**WHAT TO PRODUCE**
What are the lines, word for word, from the line with "Realme Gandeng 2 Brand Ambassador Muda" up to and including the line with "Silicone Baby Food Feeder" in the records below? Omit the pictures.

**SUPPLIED INFORMATION**
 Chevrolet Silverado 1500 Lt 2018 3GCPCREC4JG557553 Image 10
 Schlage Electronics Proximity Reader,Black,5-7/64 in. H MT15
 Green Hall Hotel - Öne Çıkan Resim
...
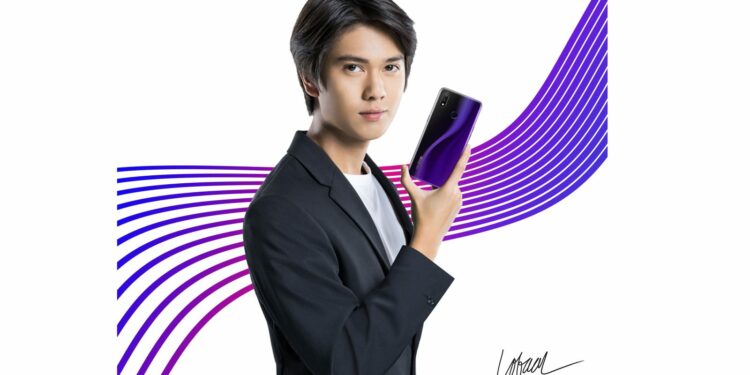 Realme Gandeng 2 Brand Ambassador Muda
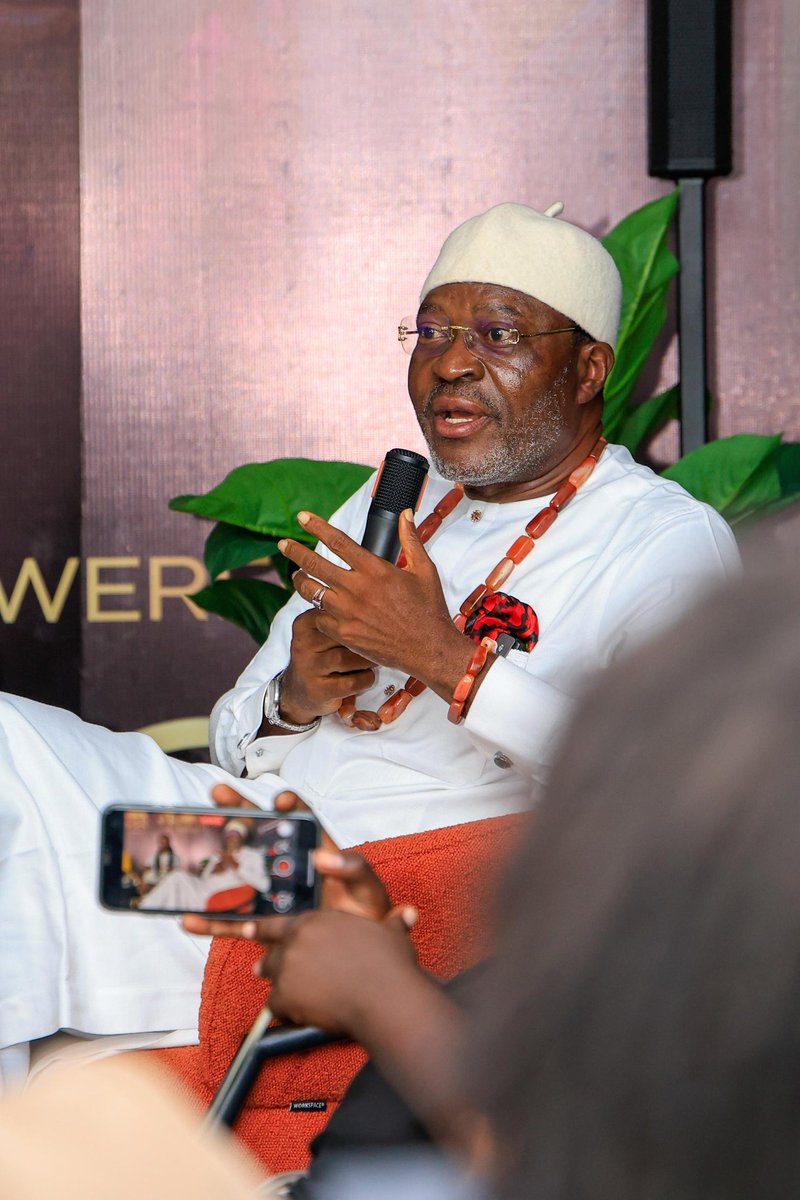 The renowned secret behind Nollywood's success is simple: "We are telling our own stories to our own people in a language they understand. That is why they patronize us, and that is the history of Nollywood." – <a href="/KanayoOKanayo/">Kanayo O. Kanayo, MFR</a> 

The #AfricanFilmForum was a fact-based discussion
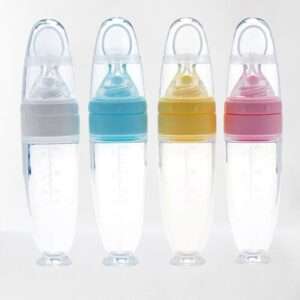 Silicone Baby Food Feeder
...
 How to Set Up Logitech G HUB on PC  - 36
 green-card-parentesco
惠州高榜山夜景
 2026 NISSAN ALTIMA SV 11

**RESULT BELOW**
 Realme Gandeng 2 Brand Ambassador Muda
 The renowned secret behind Nollywood's success is simple: "We are telling our own stories to our own people in a language they understand. That is why they patronize us, and that is the history of Nollywood." – <a href="/KanayoOKanayo/">Kanayo O. Kanayo, MFR</a> 

The #AfricanFilmForum was a fact-based discussion
 Silicone Baby Food Feeder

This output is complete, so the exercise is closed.